A cada vez que os fascistas se vão aproximando do poder, o alívio é porque eles não ficaram ainda mais próximos. Mas entre cada momento de alívio, o processo de normalização dos fascistas vai prosseguindo imparável. Há uns anos ainda o pai Le Pen era uma figura grotesca e inapresentável. Hoje a sua filha está nas capas de todas as revistas e os seus émulos em todos os programas de televisão. Por mérito próprio — Marine Le Pen sabe manipular a sociedade e a imprensa como ninguém — mas sobretudo por demérito das outras famílias políticas. Dos socialistas aos verdes, dos comunistas aos radicais de esquerda, ninguém consegue apresentar uma visão alternativa para a França e para a Europa. Hollande, mais do que todos, tem representado o vazio ideológico e de valores. E a política, é sabido, tem horror ao vazio. Tendo a esquerda desperdiçado a única oportunidade que lhe foi dada, neste século, para transformar a política francesa, terá muita sorte se, no futuro, for substituída “apenas” pela direita.

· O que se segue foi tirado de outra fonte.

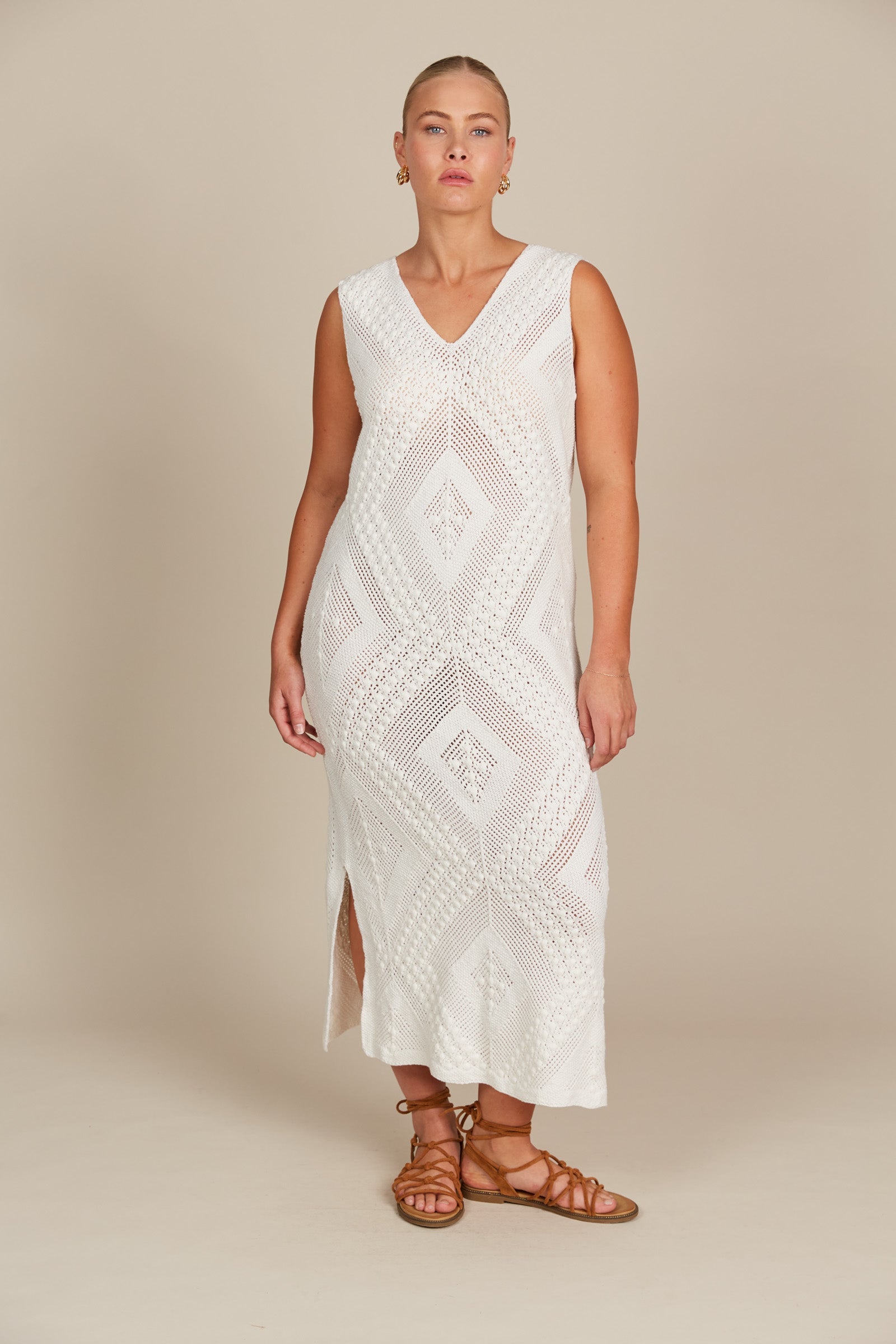 Sylvie Dress - Lotus-Dresses-Isle Of Mine-The Bay Room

A Frente Nacional pode ter falhado ontem no seu objectivo de ser o primeiro partido de França. Marine Le Pen poderá até falhar no seu objectivo de ser eleita, já nas próximas eleições presidenciais, Presidente da República. Mas está a acertar em cheio na outra parte da estratégia, que é a de forçar a uma amálgama entre esquerda e direita no governo da França.

Se as eleições “departamentais” de ontem, cuja relevância prática é reduzida, levassem como ela deseja a uma legislativas antecipadas, é certo que a direita de Nicolas Sarkozy ganharia o direito a impor o próximo primeiro-ministro, e que este teria de governar a França em “coabitação” com o Presidente Hollande. A partir daí estaria comprovada na prática a fusão entre UMP (de direita) e o PS francês a que Marine Le Pen chama muitas vezes de “UMPS”. E a política francesa passaria definitivamente a ter dois pólos, o consensual no poder, e o contestatário em ascensão.

Este é um quadro que serve aos fascistas. E sim, é de fascistas que se trata. O fascismo não é só a sua caricatura, mas uma doutrina da mobilização nacional que sabe ocultar a sua verdadeira natureza para tirar partido da degradação da política tradicional. E a França sempre teve, de forma subterrânea, um forte solo para as ideias de tipo fascista.

Podem então os comentadores encontrar razões para alívio num resultado não tão bom (quanto esperado) da extrema-direita ou não tão mau (quanto esperado) da esquerda. As grandes tendências estão traçadas e ainda não foram invertidas.